How to talk to Obama supporters
Following my last guide, “A Guide to Obama Supporters”, I decided to write a guide on the delicate art of communicating with Obama supporters. And it IS an art. Obama supporters are remarkably predictable in their interactions and as such can be manipulated easily in creative ways. There are three principles to understand:
Whenever you’ve made a good point about the failings of Obama, the Obama supporter will invariably demand that you talk about something else, and chastize you for having brought it up. For example:
You: Obama shouldn’t have have taken Rezko’s money.
Obama supporter: You’re just attacking Obama’s character because you can’t talk about issues! YES WE CAN!
You: Obama’s foreign policy is very naive. Doesn’t he know it’s silly to negotiate without preparation and preconditions?
Obama Supporter: You’re just attacking him on issues because your candidate has less character! Obama is a clean politician! YES WE CAN!
The solution to this is to overwhelm the Obama supporter with multiple facets of Obama’s flaws. Try to talk about Obama’s character and the issues both at once. For example:
You: If Obama can’t stand up to the anti-Americanism in his own pastor and wife, how can he be expected to stand up for America abroad? That sort of character doesn’t make for sound foreign policy.
Obama Supporter: You’re just talking about Obama’s character and the issues because you can’t talk about……um…..YES WE CAN!

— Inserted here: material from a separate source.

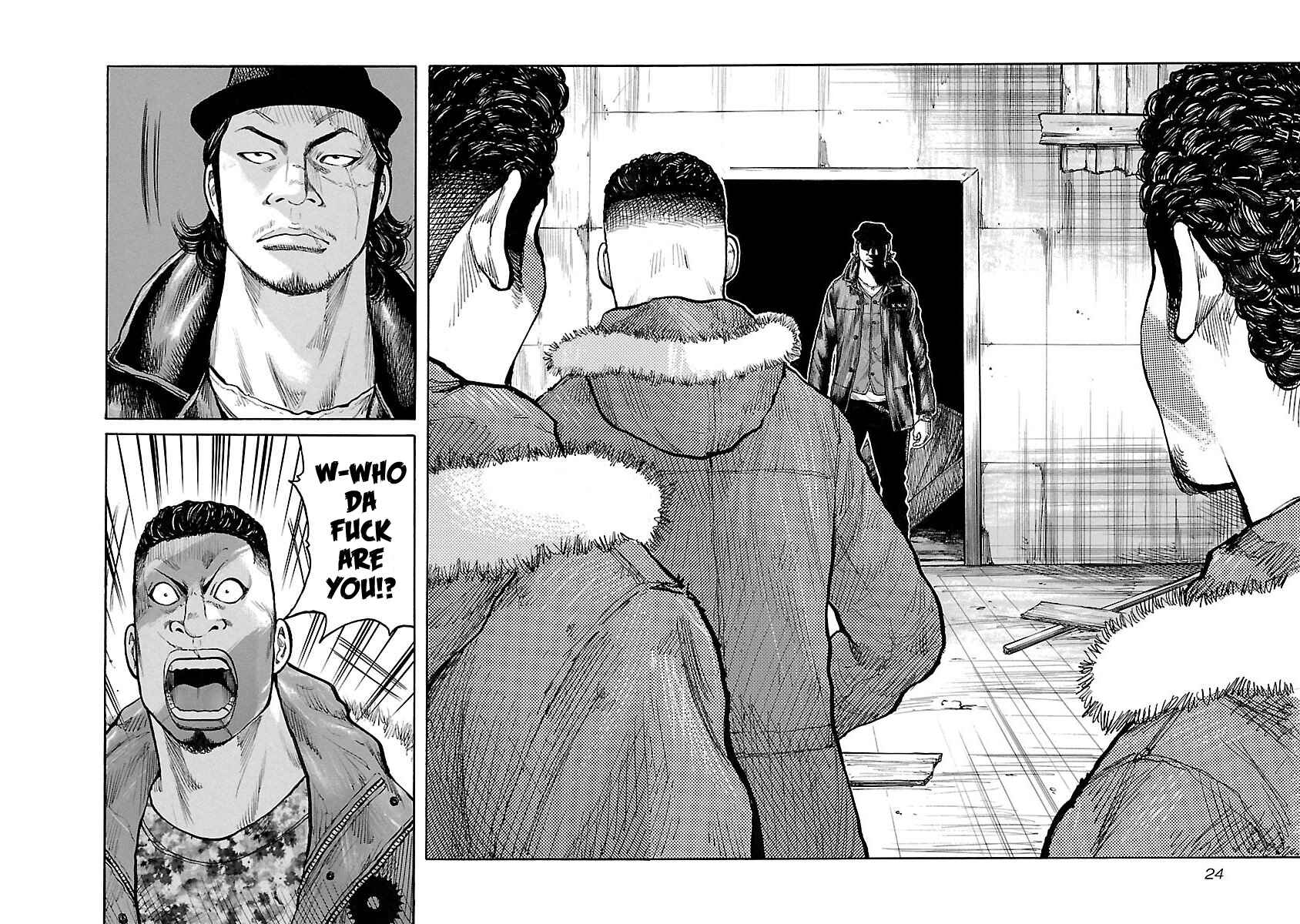 Page 25 Chapter 9 Jank Runk Family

In most instances, the Obama supporter will not want to discuss any issues with you, but rather to personally attack you and make threats. It is ill advised to try and discuss issues with these types, you’ll just waste effort. The best approach to this, is to mock them playfully while remaining above the level of their attacks. You should smile as you do so and laugh about it with friends later.
Example 1: The Yeswecan.
Obama Supporter: Our economy is exploding we’re all gonna die and racism is getting worse and there are Republicans under my bed and….

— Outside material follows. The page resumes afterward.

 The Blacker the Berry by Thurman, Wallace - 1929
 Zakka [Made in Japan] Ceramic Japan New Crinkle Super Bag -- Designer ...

You: Sounds like you need to change your attitude into something more hopeful.
Example 2: The O’Latte:
Obama Supporter: Only idiots don’t vote for Obama! YES WE CAN!

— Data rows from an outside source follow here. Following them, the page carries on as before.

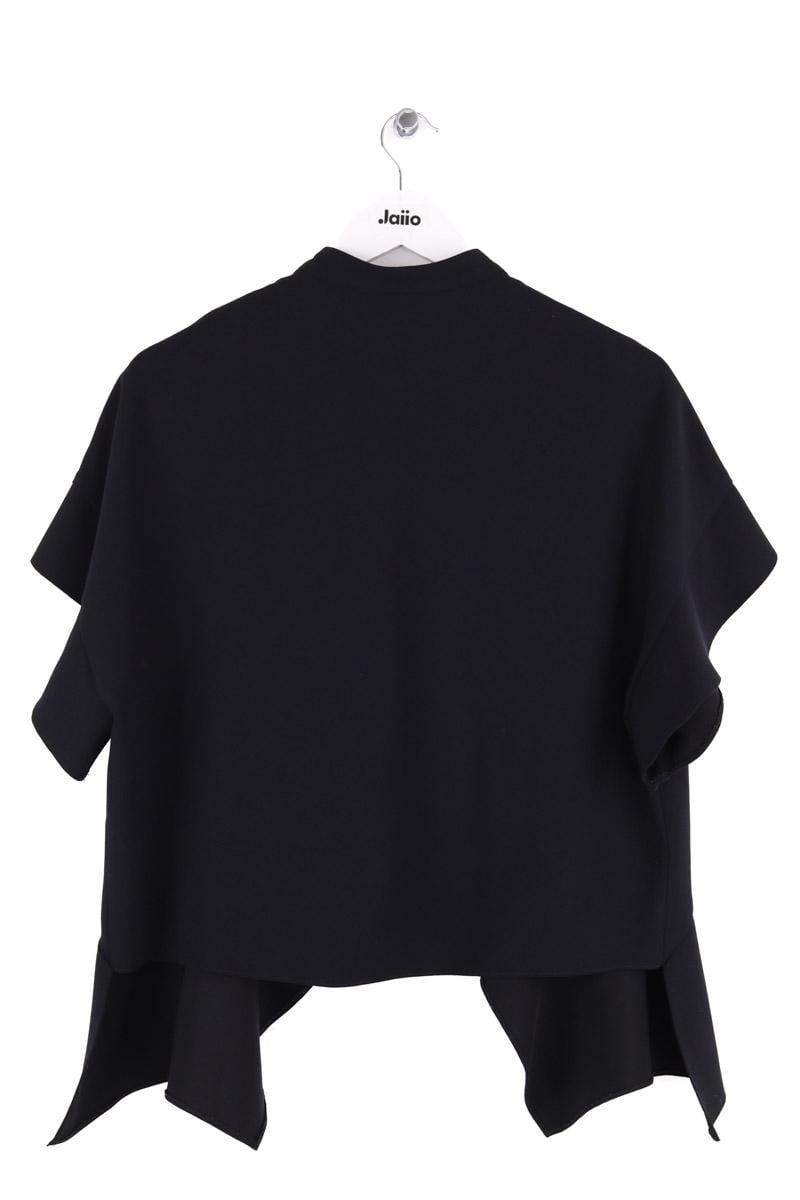 Azawood sleeveless top IRO - Seconde Main Black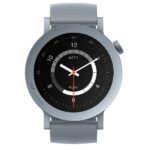 نمای نزدیک ساعت هوشمند ناتینگ سی‌ام‌اف مدل CMF Watch Pro 2 روی دست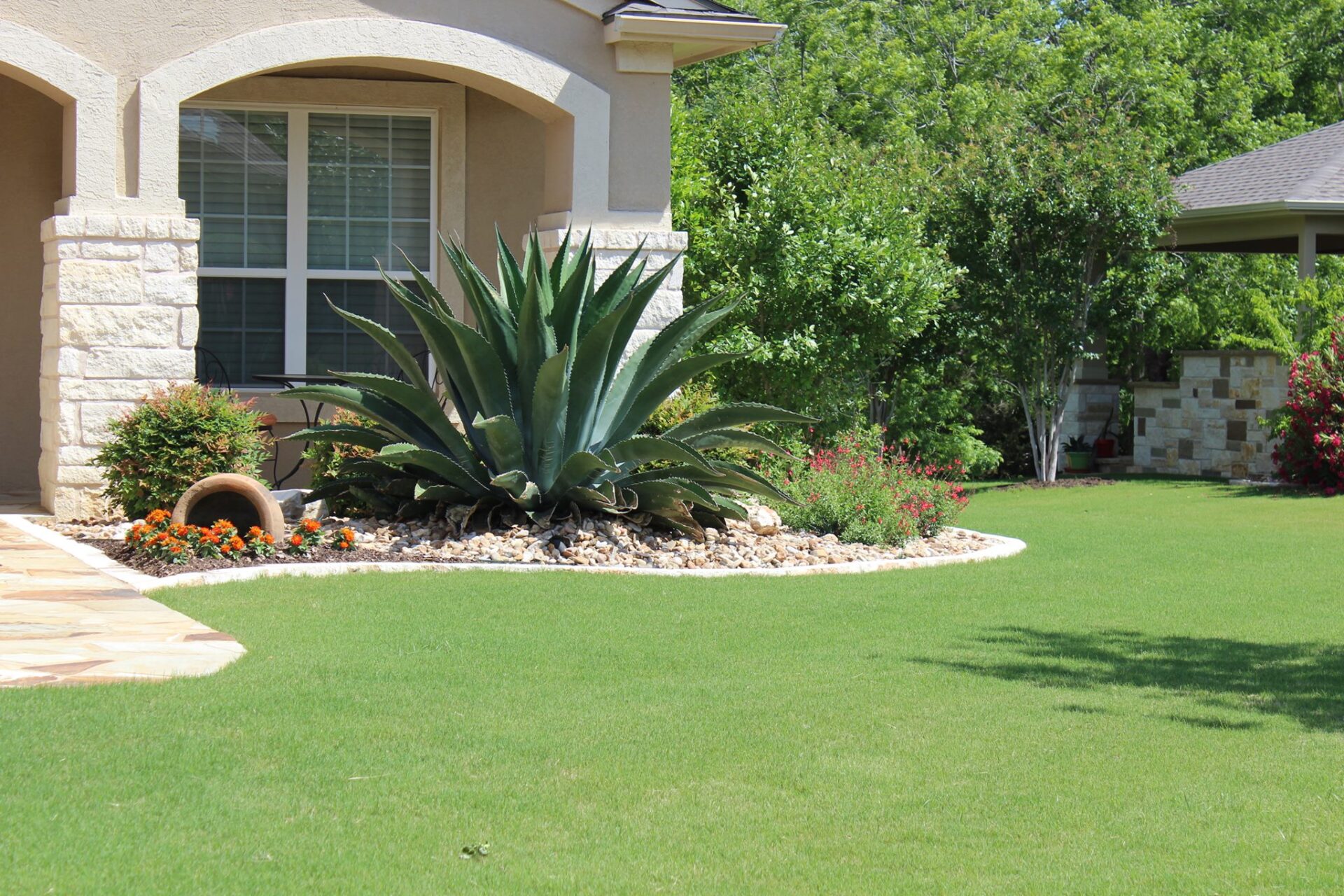 Landscape Design Georgetown TX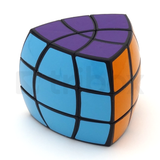 DaYan 3-Layer Pentahedron Stickered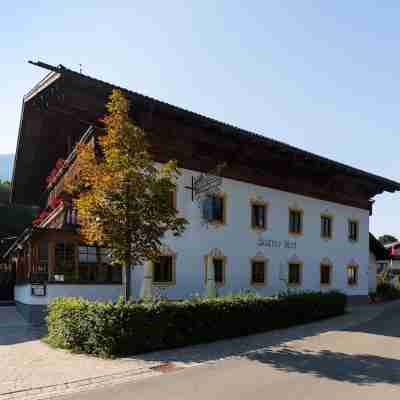 Raitner Wirt Hotel Exterior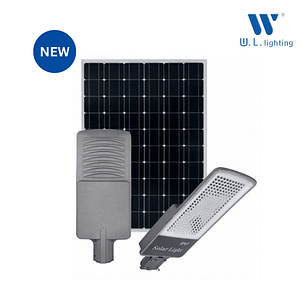 โคมไฟถนนโซล่าเซลล์ รุ่น WL-ST-1152-240W-N
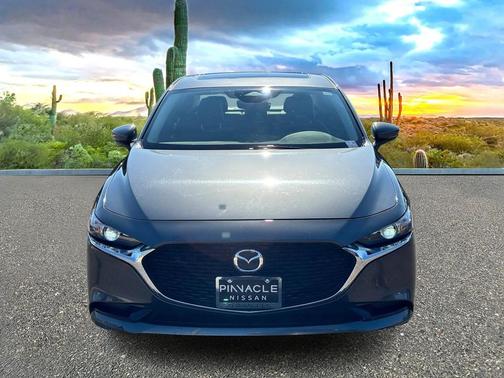 2024 Mazda Mazda3 FWD w/Preferred Package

You: Wait a sec, but I thought you said you were voting for him?
Example 3: The Obamaton AKA Obamabot
Obama Supporter: OMFG U R SUX U F***ING RUHS LIMBAH BUSH HITLERY! YES WE CAN!
You: Hey, why all the hate? Doesn’t your candidate stand for unity and mutual respect? Oh wait, maybe you don’t support him? OMFG RACIST! YES WE CAN!
Obama Supporter: ??????? YES WE CAN!
You: YES WE CAN!
Obama Supporter: YES WE CAN!
You: By the way, Obama sucks.
(The Obamelites don’t “mingle” with normal people, Obombers don’t speak, and O’Zombies are well, basically zombies. For these reasons, you’ll only likely talk to the three types above.)
Oftentimes, Obama supporters will accuse you of being a racist. There is only one solution to this: use their same logic and accuse them of being more racist. Obama supporters assume that if you aren’t voting for Obama, you must hate black people. But, Obama is half-white. So, accuse them in turn of being unable to support a full-black candidate because of racism. Pick a black candidate you think will work for this. I generally use Condi because she’s both black and a woman. Thus, I can add the sexism charge too. For example:
Obama Supporter: You aren’t voting for Obama? RACIST! RACIST! RACIST! YES WE CAN!
You: Oh, so you’re voting for Obama? What, do you just hate full-black people so much you could only bring yourself to vote for someone that was half-white? Wow. I’m campaigning to elect Condi Rice. Not only is she black, but she’s also a woman, and she’s not even running for president. Obama got delegates in Michigan he didn’t earn, why not Condi?
When having such conversations, it is important to remember to have fun. As a general rule, Obama supporters are really, really, really, really, dumb and dumb people have a way of frustrating normal people. Don’t let them frustrate you. Have fun.